Source data:
====================

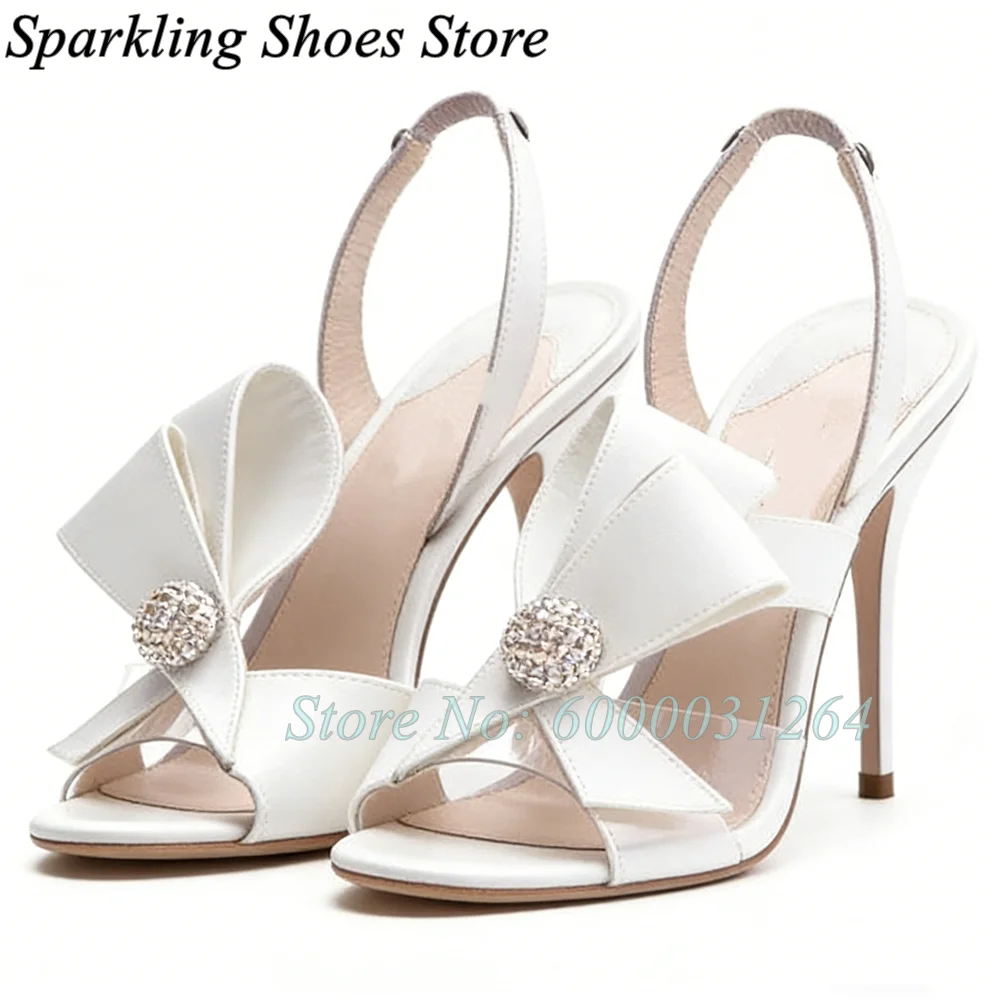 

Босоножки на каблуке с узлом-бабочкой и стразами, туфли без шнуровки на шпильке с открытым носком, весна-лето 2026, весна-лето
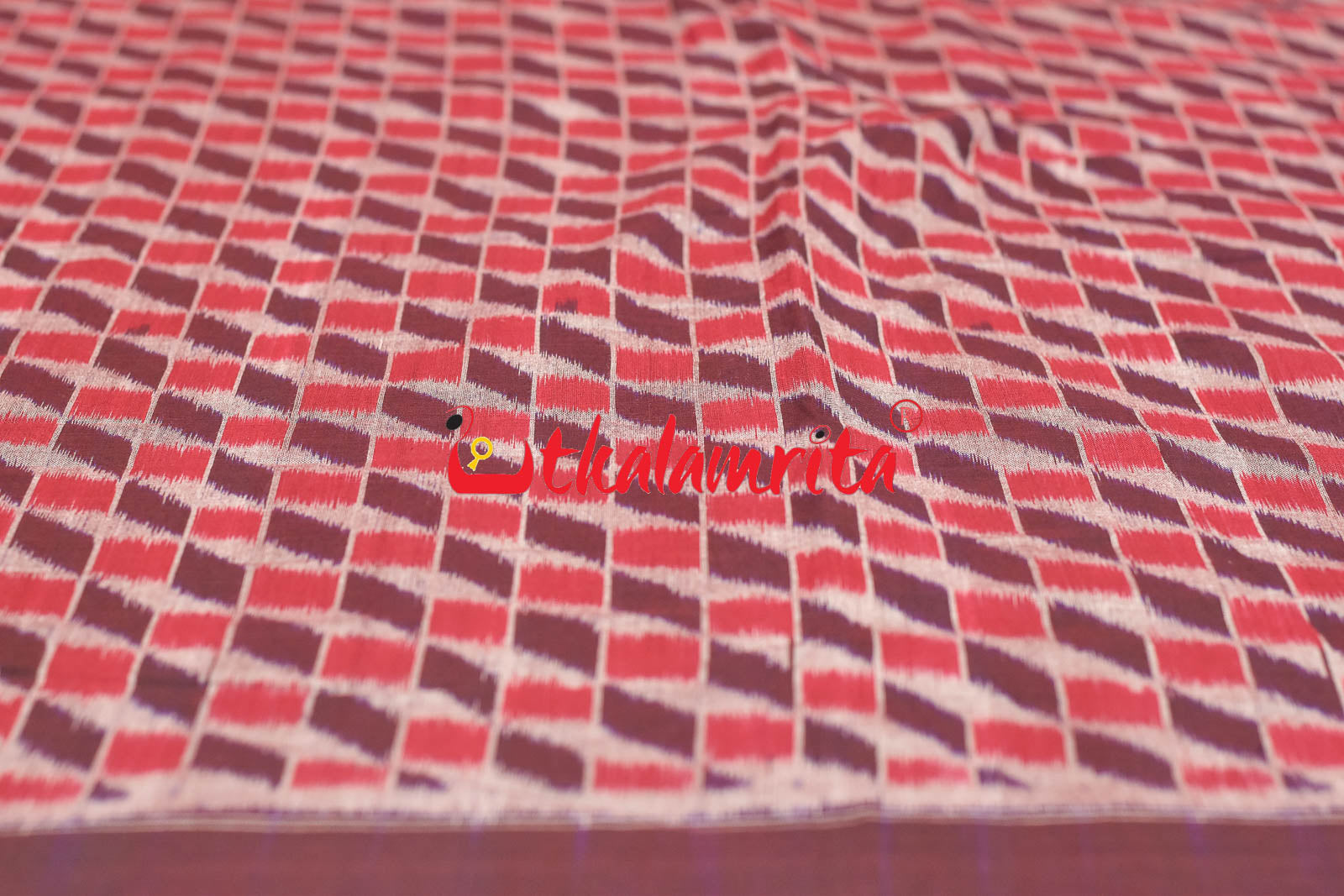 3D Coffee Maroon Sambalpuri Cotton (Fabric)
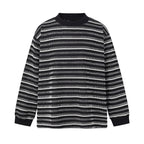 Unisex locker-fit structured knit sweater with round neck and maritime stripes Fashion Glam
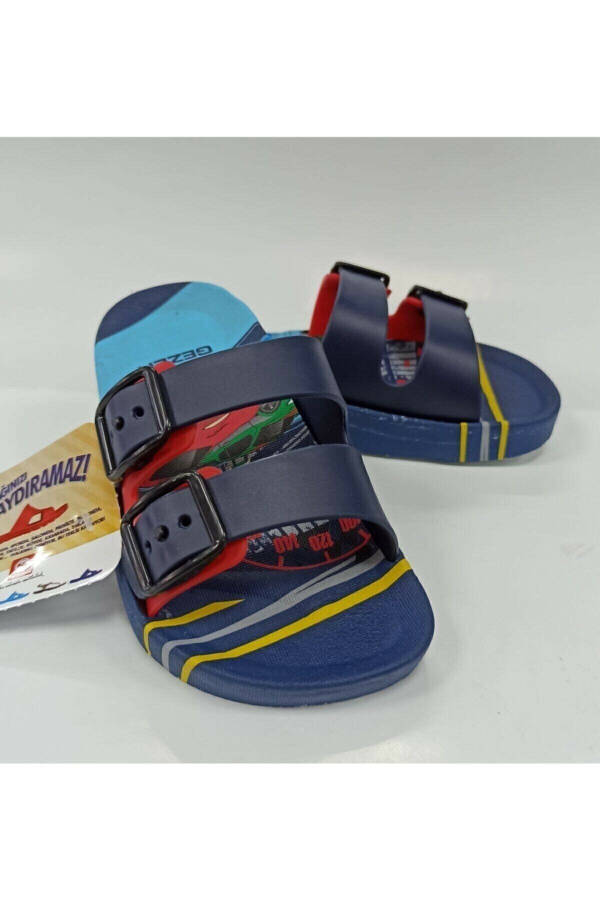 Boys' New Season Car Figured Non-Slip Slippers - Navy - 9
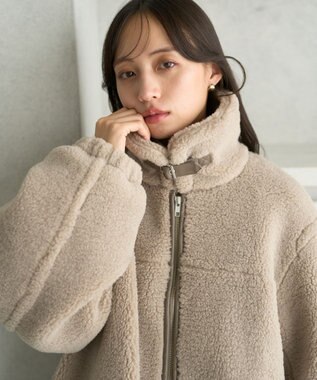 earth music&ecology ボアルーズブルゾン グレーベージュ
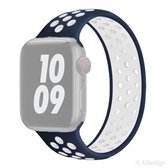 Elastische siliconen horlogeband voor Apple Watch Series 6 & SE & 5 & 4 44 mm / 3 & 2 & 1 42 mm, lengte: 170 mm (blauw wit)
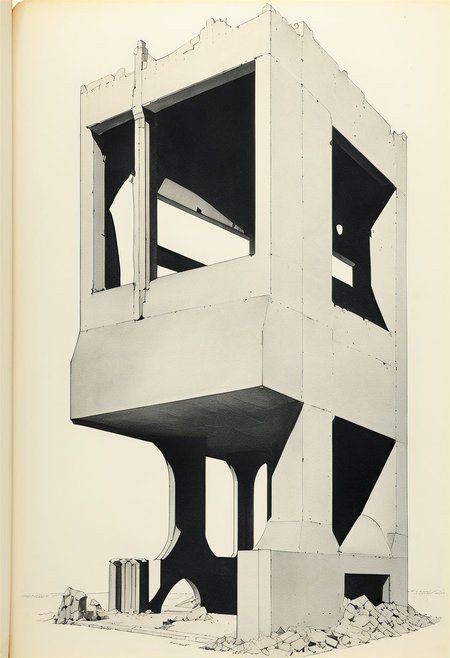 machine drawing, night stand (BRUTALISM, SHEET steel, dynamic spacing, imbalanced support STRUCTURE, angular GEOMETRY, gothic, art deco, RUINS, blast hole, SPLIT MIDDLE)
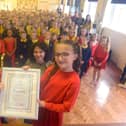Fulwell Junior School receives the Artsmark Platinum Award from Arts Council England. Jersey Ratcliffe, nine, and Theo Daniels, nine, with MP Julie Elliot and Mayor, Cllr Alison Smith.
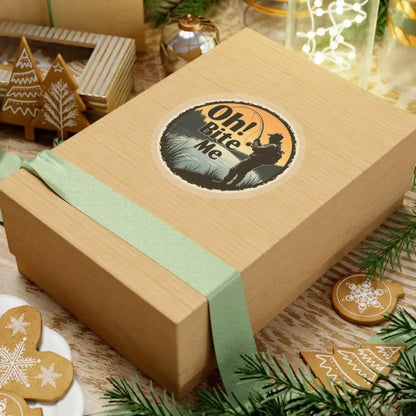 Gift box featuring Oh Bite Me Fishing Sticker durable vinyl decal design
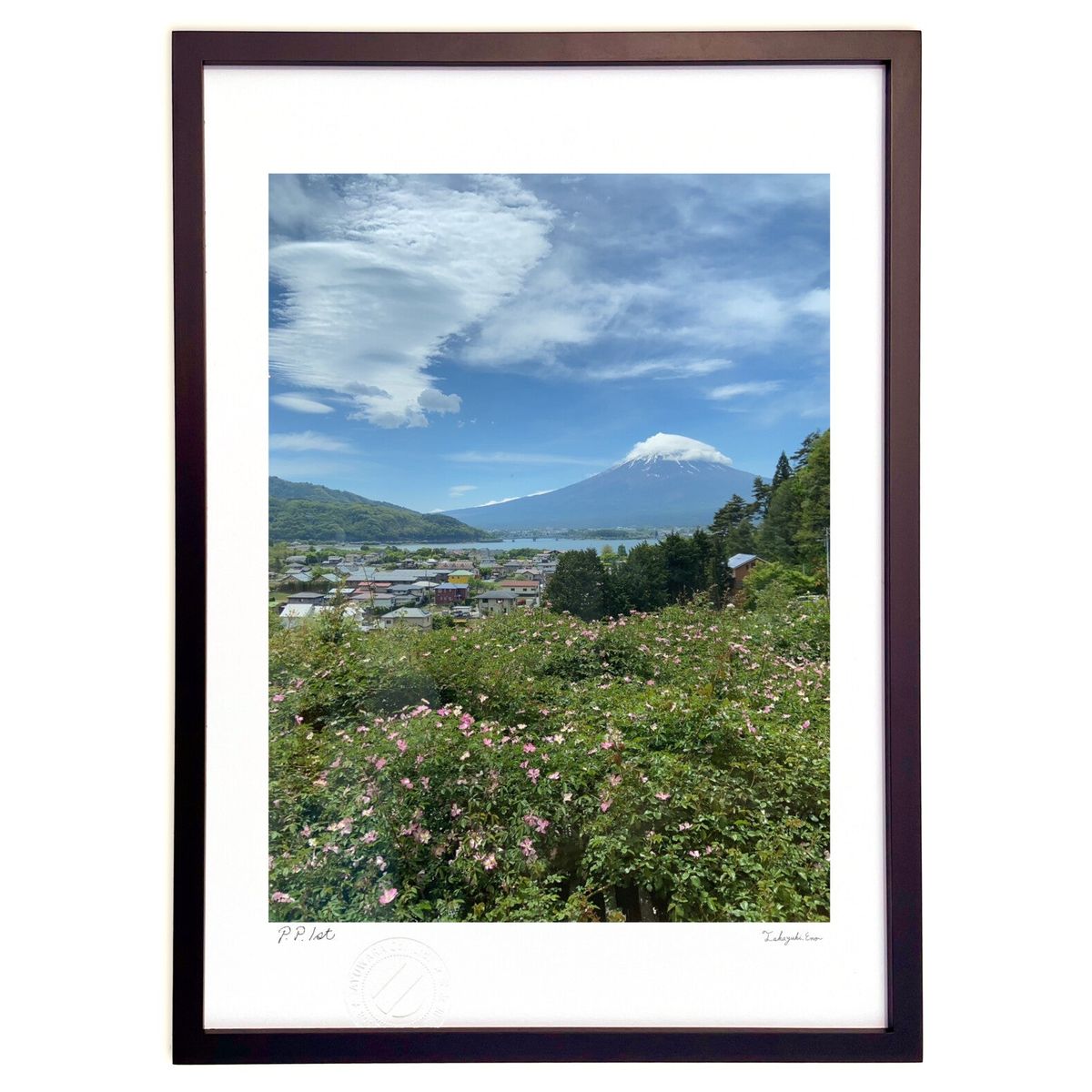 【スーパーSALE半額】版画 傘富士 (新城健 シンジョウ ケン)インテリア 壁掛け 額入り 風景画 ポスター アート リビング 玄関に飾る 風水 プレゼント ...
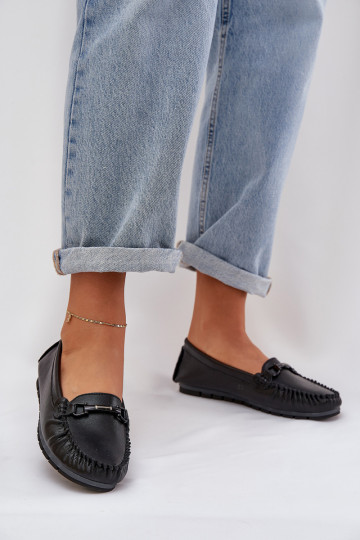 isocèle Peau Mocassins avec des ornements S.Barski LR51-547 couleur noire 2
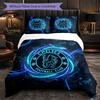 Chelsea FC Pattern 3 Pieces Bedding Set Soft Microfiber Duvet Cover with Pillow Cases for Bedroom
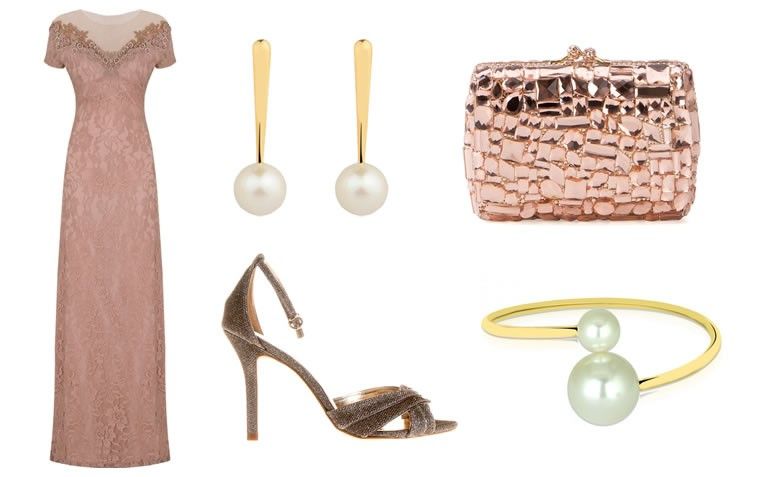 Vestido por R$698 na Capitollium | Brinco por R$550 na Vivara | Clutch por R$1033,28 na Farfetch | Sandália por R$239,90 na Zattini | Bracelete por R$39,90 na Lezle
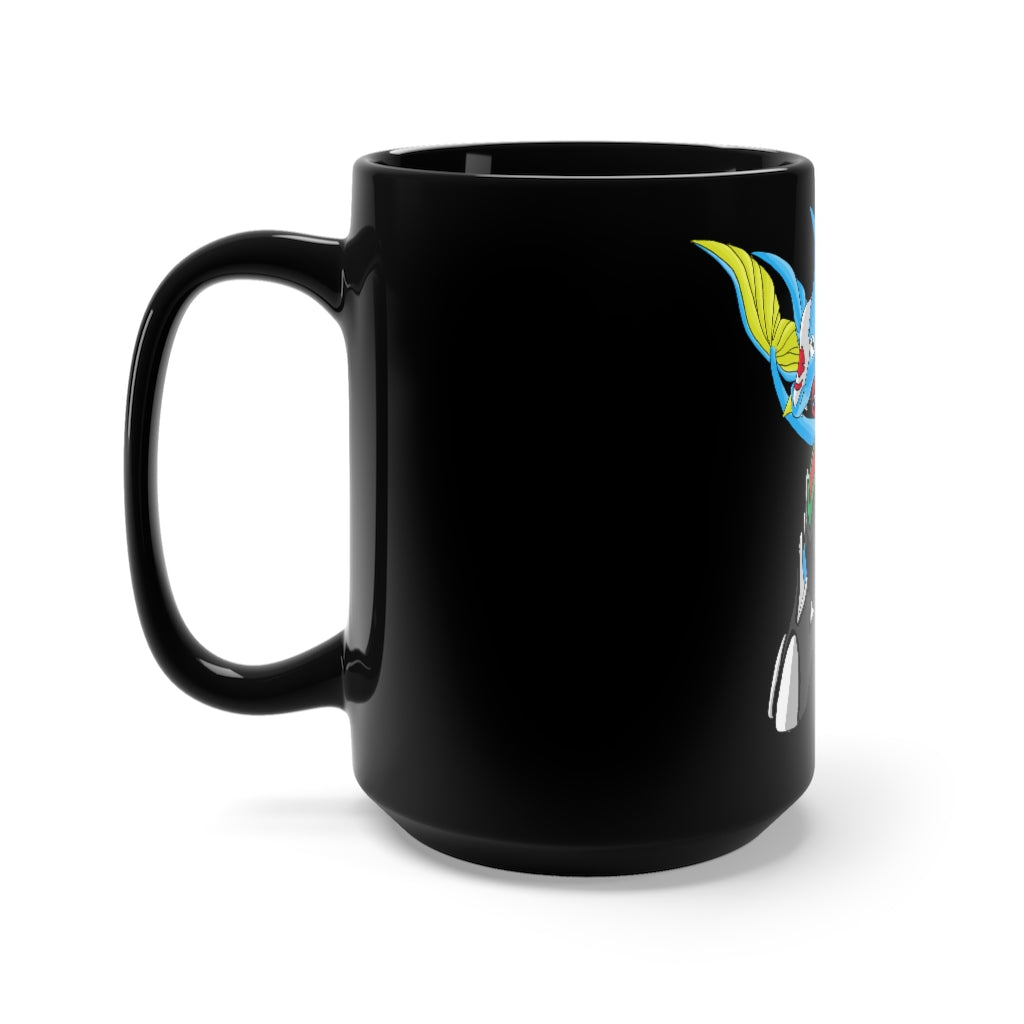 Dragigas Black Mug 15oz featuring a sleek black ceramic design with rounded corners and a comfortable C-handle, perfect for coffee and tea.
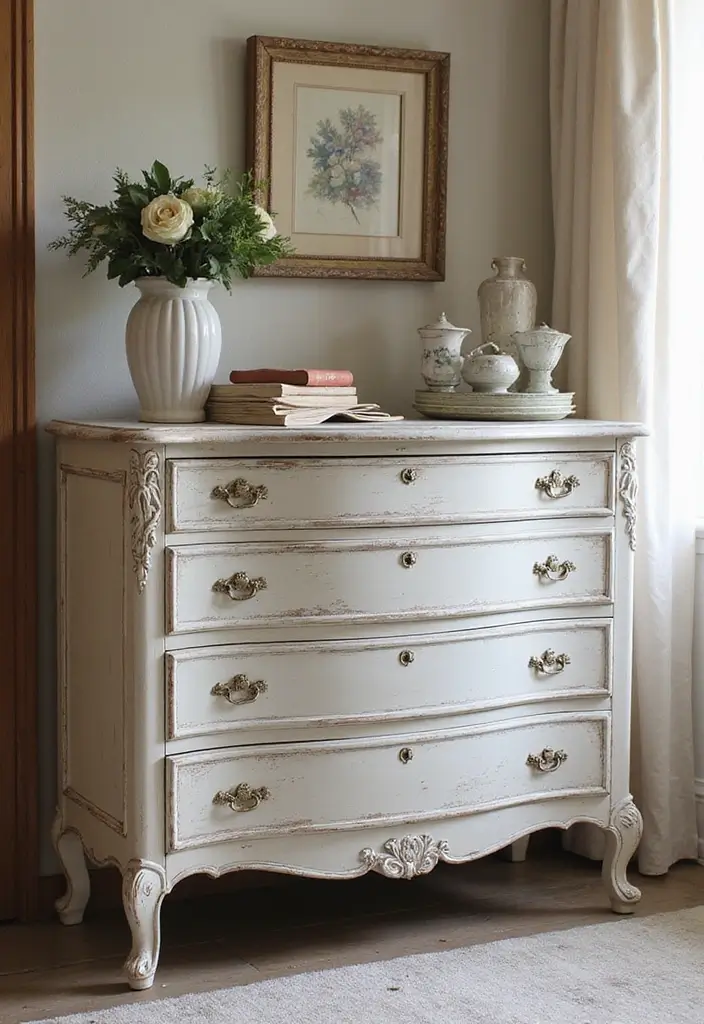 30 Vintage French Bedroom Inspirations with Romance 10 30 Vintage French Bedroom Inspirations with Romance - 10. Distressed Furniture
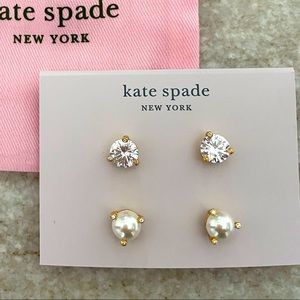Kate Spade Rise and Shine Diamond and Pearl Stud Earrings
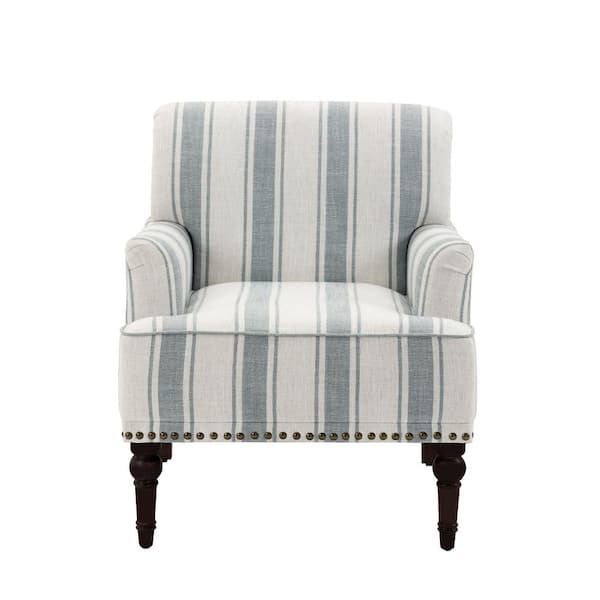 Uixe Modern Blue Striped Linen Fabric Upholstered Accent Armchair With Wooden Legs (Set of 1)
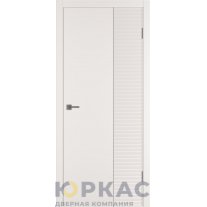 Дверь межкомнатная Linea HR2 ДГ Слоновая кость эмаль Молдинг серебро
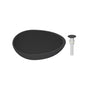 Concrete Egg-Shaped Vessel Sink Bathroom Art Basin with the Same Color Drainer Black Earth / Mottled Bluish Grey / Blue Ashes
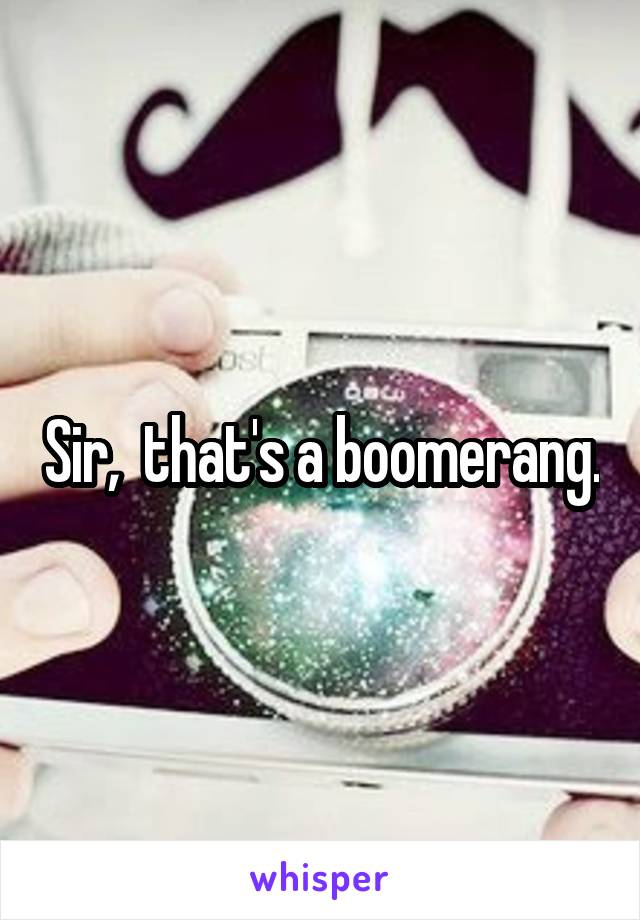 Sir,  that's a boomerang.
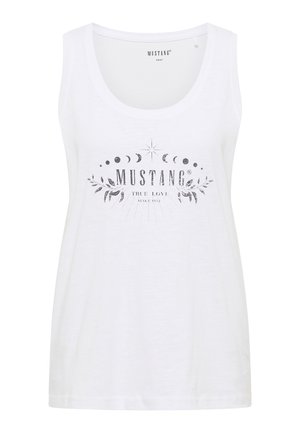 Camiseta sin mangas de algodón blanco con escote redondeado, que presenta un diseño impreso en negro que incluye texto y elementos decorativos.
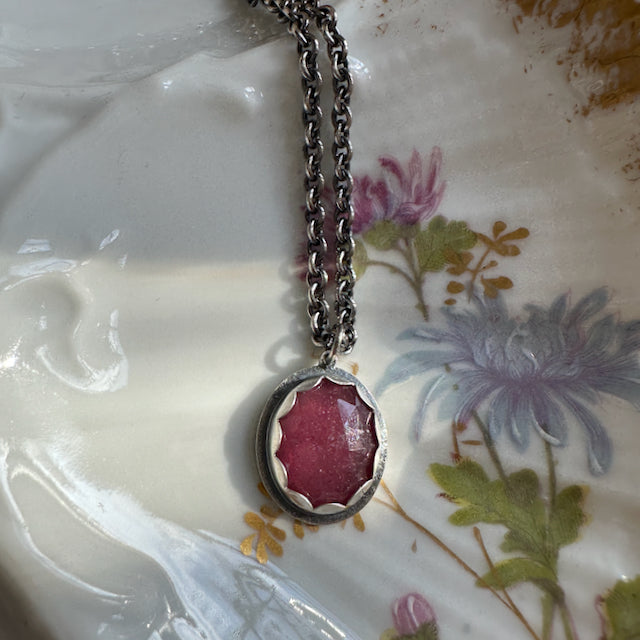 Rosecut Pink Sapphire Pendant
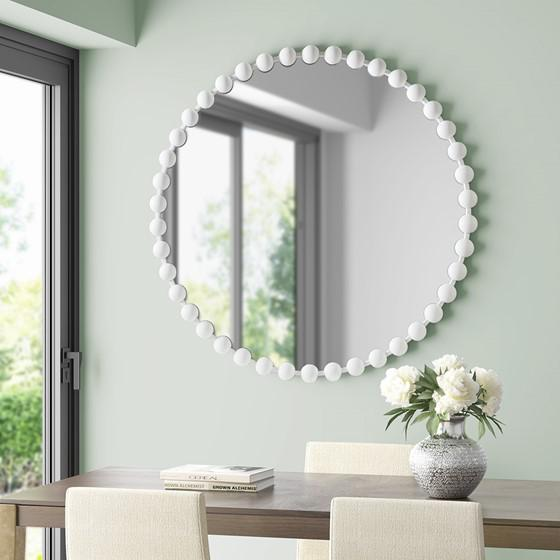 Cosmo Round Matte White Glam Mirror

====================

Only the lines from the line with "30 Vintage French Bedroom Inspirations with Romance 10" through the end of the records belong in your copy. Repeat them exactly, without pictures.

Answer section:
 30 Vintage French Bedroom Inspirations with Romance 10 30 Vintage French Bedroom Inspirations with Romance - 10. Distressed Furniture
Kate Spade Rise and Shine Diamond and Pearl Stud Earrings
 Uixe Modern Blue Striped Linen Fabric Upholstered Accent Armchair With Wooden Legs (Set of 1)
 Дверь межкомнатная Linea HR2 ДГ Слоновая кость эмаль Молдинг серебро
 Concrete Egg-Shaped Vessel Sink Bathroom Art Basin with the Same Color Drainer Black Earth / Mottled Bluish Grey / Blue Ashes
 Sir,  that's a boomerang.
 Camiseta sin mangas de algodón blanco con escote redondeado, que presenta un diseño impreso en negro que incluye texto y elementos decorativos.
 Rosecut Pink Sapphire Pendant
 Cosmo Round Matte White Glam Mirror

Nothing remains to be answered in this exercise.